The state ethics commission has issued a show cause order alleging Aquinnah selectman Gary Haley violated conflict of interest laws during electrical conduit work done at the Aquinnah Circle, including choosing himself for the work, overbilling the town and approving town payment to himself.

Mr. Haley, a master electrician by trade, was elected selectman in 2016 and has served two terms. He also serves as the town electrical inspector — he was previously cleared for that role by the ethics commission after disclosures were filed, according to town administrator Jeffrey Madison.

Reached by phone Wednesday morning, Mr. Madison declined to comment on the show cause order. Mr. Haley could not be immediately reached for comment.

According to a press release from the ethics commission’s enforcement division issued Wednesday, the citation dates to a 2018 project to bury underground all overhead utility wires at the Circle. The project was part of a first step in a broader beautification plan for the area, funded largely by Community Preservation Act money to improve the town’s unique viewshed over the Gay Head Cliffs, Philbin Beach and the Gay Head moraine.

In the release, the ethics commission said Mr. Haley acted as coordinator on the project while serving as selectman, choosing himself to personally install conduits for two utility companies to bury their wires underground, overbilling the town by $4,000 and subsequently approving the payment himself — all of which constitute state ethics violations.
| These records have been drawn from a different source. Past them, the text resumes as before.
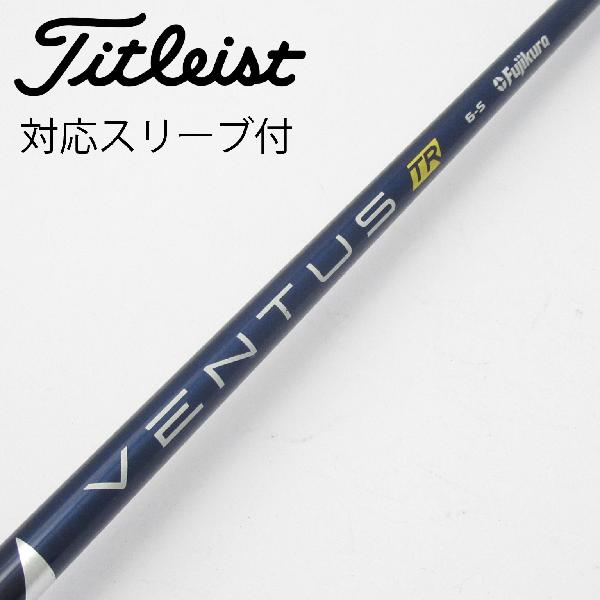 【中古】フジクラ　VENTUS　VENTUS TR BLUE(VELOCOREあり) ドライバー用_スリーブ付 VENTUS TR BLUE 6(..
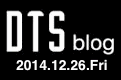 mds_2014_12_26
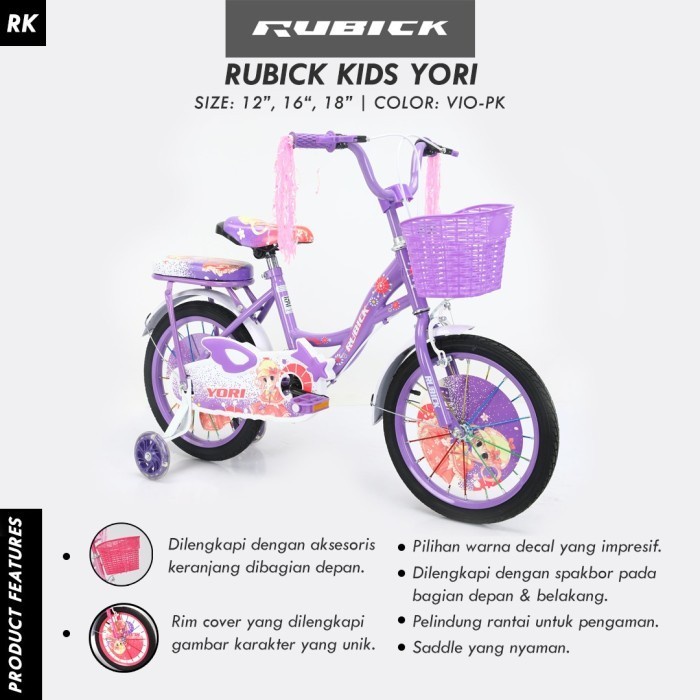 Sepeda Anak Perempuan Mini 18 Inch Rubick Yori By United Berkualitas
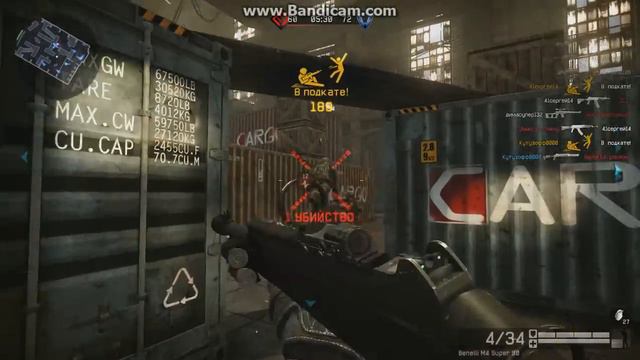 Warface: Обзор дробовика Benelli M4 Super 90 смотреть онлайн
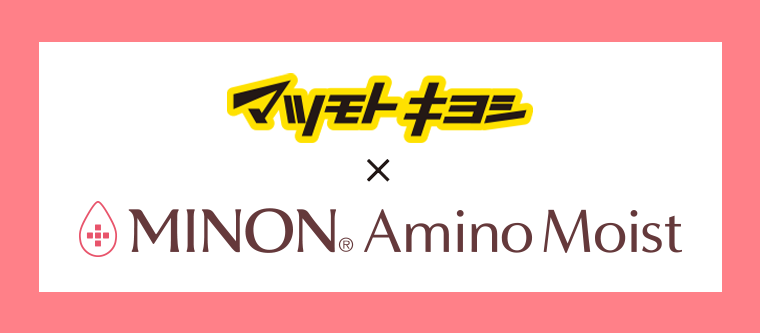 マツモトキヨシ×MINON Amino Moist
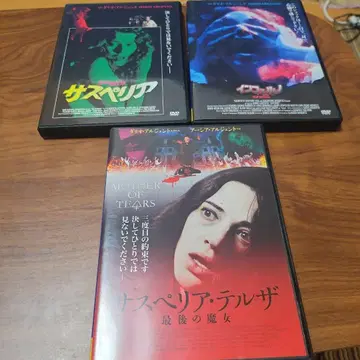 사스페리아 인페르노 테르자 DVD 세트 절판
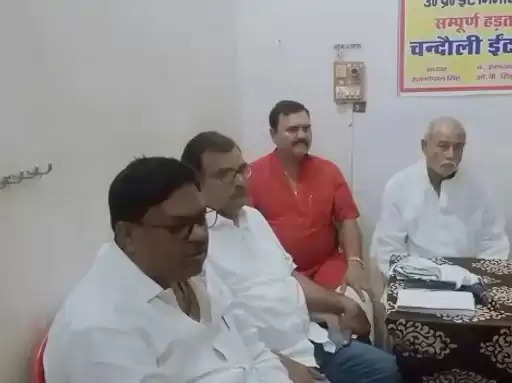 Bhattha Sangh Meeting Against Yogi 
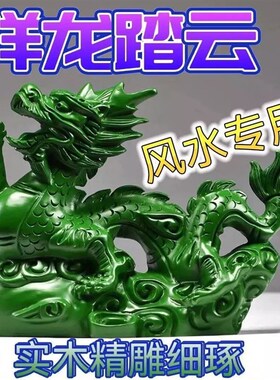 速发实木青木摆件布件龙质龙摆局绿色十二生肖龙木雕金龙木制神龙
“The conflict of interest law prohibits municipal employees from participating officially in matters in which they have a financial interest,” the press release states. “The order alleges that Mr. Haley violated this prohibition by, as a selectman, choosing himself to perform the conduit installation work and by then approving the town expense warrant that contained his invoice for the work.”
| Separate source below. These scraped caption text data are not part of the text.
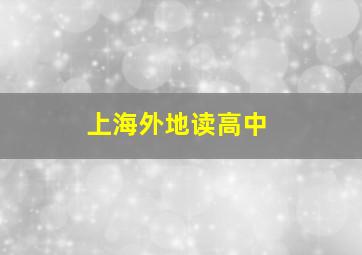 上海外地读高中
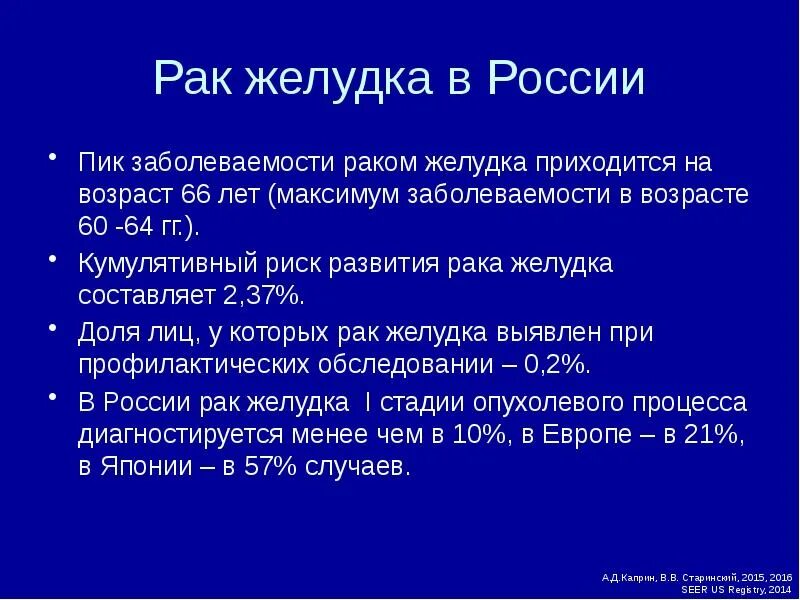 Как определить стадию рака желудка. Стадии карциномы желудка.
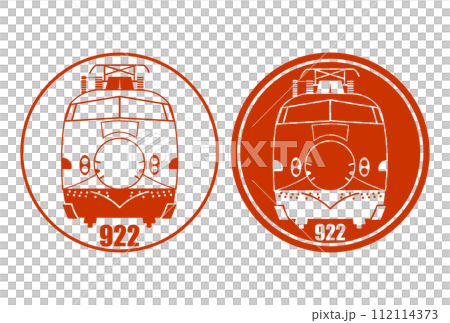 922形 ドクターイエローのシンプルなスタンプ風イラスト 2種 赤色系 112114373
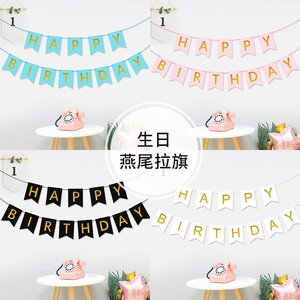 烫金三角拉旗纸质字母旗子批发生日happy birthday派对布置鱼尾旗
The show cause order issued Wednesday also alleges that Mr. Haley submitted an invoice to the town charging $17,445 for the installation of approximately 1,900 feet of conduit pipe in May of 2018. But the invoice overstated the duration of work by approximately 22 hours, the order alleges, with Mr. Haley billing the town for laborers he neither paid nor hired.

“The law also prohibits public employees from submitting a false or fraudulent claim to their public employer,” the press release states. “Haley allegedly violated this prohibition.”

The project to bury the utility wires was completed by early 2019, with initial cost estimates hovering around $135,000. Beautification work was approved at a 2016 annual town meeting.

The order further alleges that Mr. Haley violated conflict of interest laws by acquiring a financial interest in the town’s contract for electrical work. Municipal employees are prohibited from having a vested interest in town contracts.

Subjects of a show cause order from the state ethics commission are given an opportunity to resolve the matter through a disposition agreement before the order is filed.

The commission will schedule a public hearing on the allegations against Mr. Haley within 90 days, the press release said.

Civil penalties up to $10,000 can be issued for violations of the conflict of interest law.

Mr. Haley has served as the town electrical inspector since 2019. Mr. Madison said Mr. Haley had received an opinion from the state ethics commission saying that he could fill the role while serving as a selectman.